[Saved entries]
┄┄┄┄┄┄┄┄┄┄

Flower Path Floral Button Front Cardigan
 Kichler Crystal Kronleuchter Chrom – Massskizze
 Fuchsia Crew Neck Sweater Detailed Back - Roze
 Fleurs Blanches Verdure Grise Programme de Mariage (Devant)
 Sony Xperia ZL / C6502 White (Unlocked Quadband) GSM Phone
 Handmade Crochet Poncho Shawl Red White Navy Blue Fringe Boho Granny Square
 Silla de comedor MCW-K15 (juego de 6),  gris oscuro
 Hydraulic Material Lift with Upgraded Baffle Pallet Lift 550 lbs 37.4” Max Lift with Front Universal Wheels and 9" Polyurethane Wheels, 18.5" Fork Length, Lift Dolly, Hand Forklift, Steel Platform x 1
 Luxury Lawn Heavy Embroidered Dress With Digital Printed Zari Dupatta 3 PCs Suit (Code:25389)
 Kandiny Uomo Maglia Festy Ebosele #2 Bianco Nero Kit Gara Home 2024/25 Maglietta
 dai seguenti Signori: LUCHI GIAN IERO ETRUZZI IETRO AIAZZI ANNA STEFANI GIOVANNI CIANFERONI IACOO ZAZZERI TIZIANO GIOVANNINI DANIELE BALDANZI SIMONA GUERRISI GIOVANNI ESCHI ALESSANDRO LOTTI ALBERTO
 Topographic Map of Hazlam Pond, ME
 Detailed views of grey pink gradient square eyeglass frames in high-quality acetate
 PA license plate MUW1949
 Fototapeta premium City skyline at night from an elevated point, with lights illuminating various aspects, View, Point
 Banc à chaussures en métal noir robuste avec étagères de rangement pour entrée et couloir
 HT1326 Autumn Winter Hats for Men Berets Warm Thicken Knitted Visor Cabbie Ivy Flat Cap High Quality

┄┄┄┄┄┄┄┄┄┄

* REQUIREMENT *
Look above for the line with "Fuchsia Crew Neck" and the line with "Fototapeta premium City", and reproduce exactly those two lines plus every line between, nothing more.

* SOLVED PROBLEM *
 Fuchsia Crew Neck Sweater Detailed Back - Roze
 Fleurs Blanches Verdure Grise Programme de Mariage (Devant)
 Sony Xperia ZL / C6502 White (Unlocked Quadband) GSM Phone
 Handmade Crochet Poncho Shawl Red White Navy Blue Fringe Boho Granny Square
 Silla de comedor MCW-K15 (juego de 6),  gris oscuro
 Hydraulic Material Lift with Upgraded Baffle Pallet Lift 550 lbs 37.4” Max Lift with Front Universal Wheels and 9" Polyurethane Wheels, 18.5" Fork Length, Lift Dolly, Hand Forklift, Steel Platform x 1
 Luxury Lawn Heavy Embroidered Dress With Digital Printed Zari Dupatta 3 PCs Suit (Code:25389)
 Kandiny Uomo Maglia Festy Ebosele #2 Bianco Nero Kit Gara Home 2024/25 Maglietta
 dai seguenti Signori: LUCHI GIAN IERO ETRUZZI IETRO AIAZZI ANNA STEFANI GIOVANNI CIANFERONI IACOO ZAZZERI TIZIANO GIOVANNINI DANIELE BALDANZI SIMONA GUERRISI GIOVANNI ESCHI ALESSANDRO LOTTI ALBERTO
 Topographic Map of Hazlam Pond, ME
 Detailed views of grey pink gradient square eyeglass frames in high-quality acetate
 PA license plate MUW1949
 Fototapeta premium City skyline at night from an elevated point, with lights illuminating various aspects, View, Point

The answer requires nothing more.